#### Exercise goal
Where the line containing "lot of 2 Hillman" appears below, begin there and reproduce each line exactly through the last one, omitting pictures.

#### Dataset extract
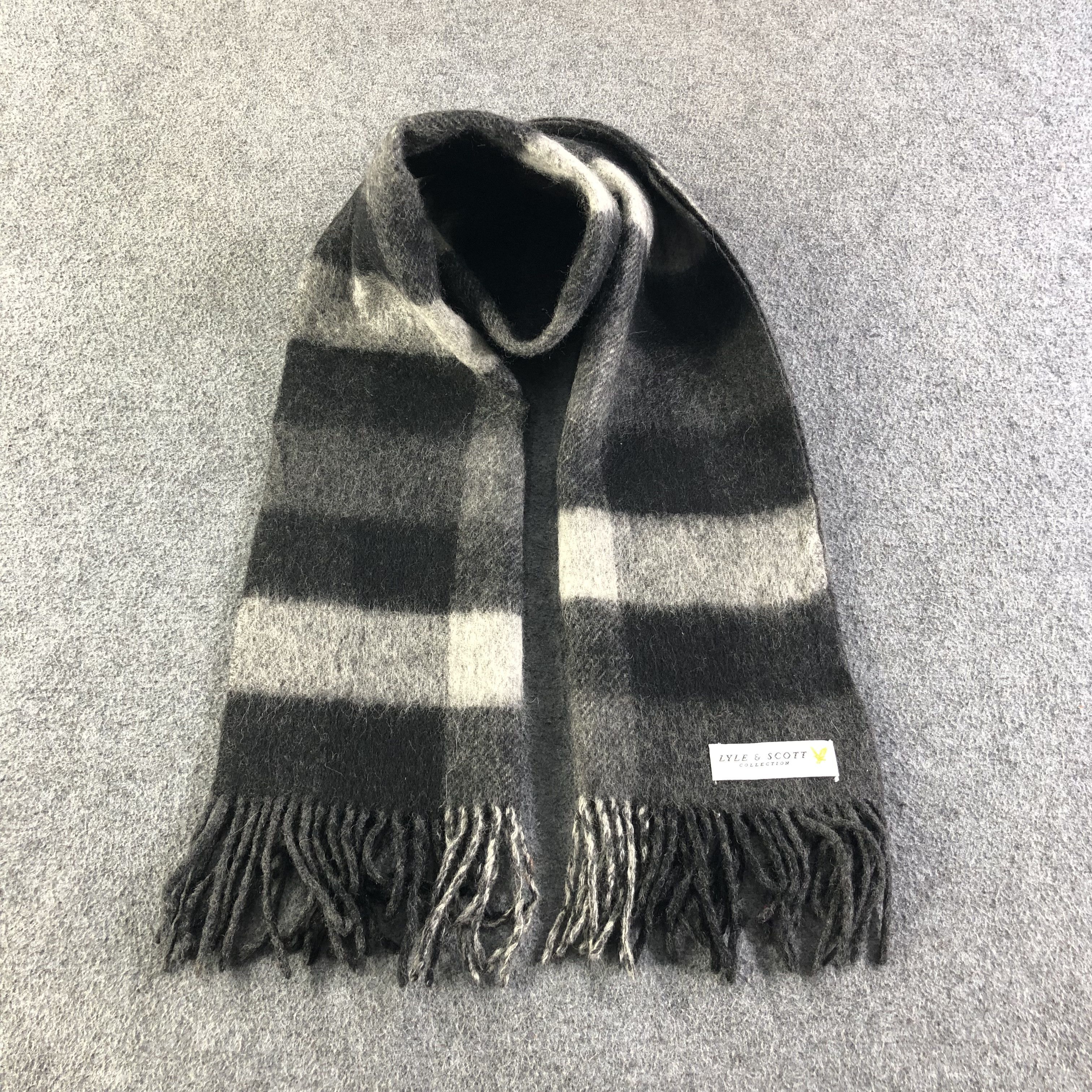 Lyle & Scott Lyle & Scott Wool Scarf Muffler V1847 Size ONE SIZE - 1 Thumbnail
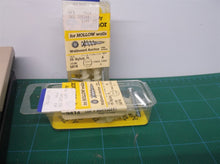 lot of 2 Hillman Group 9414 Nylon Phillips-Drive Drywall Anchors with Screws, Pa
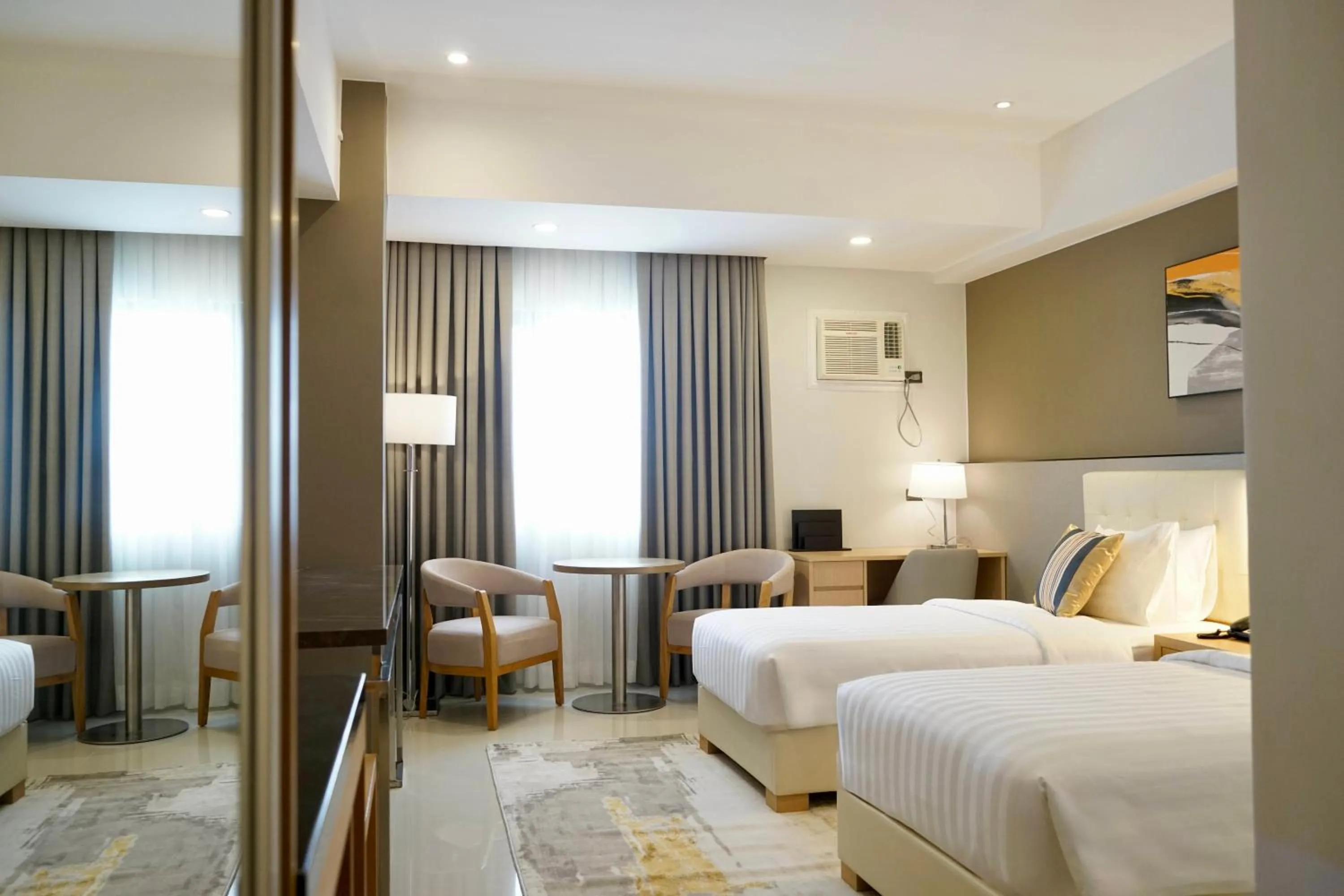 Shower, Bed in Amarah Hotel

#### Written response
 lot of 2 Hillman Group 9414 Nylon Phillips-Drive Drywall Anchors with Screws, Pa
 Shower, Bed in Amarah Hotel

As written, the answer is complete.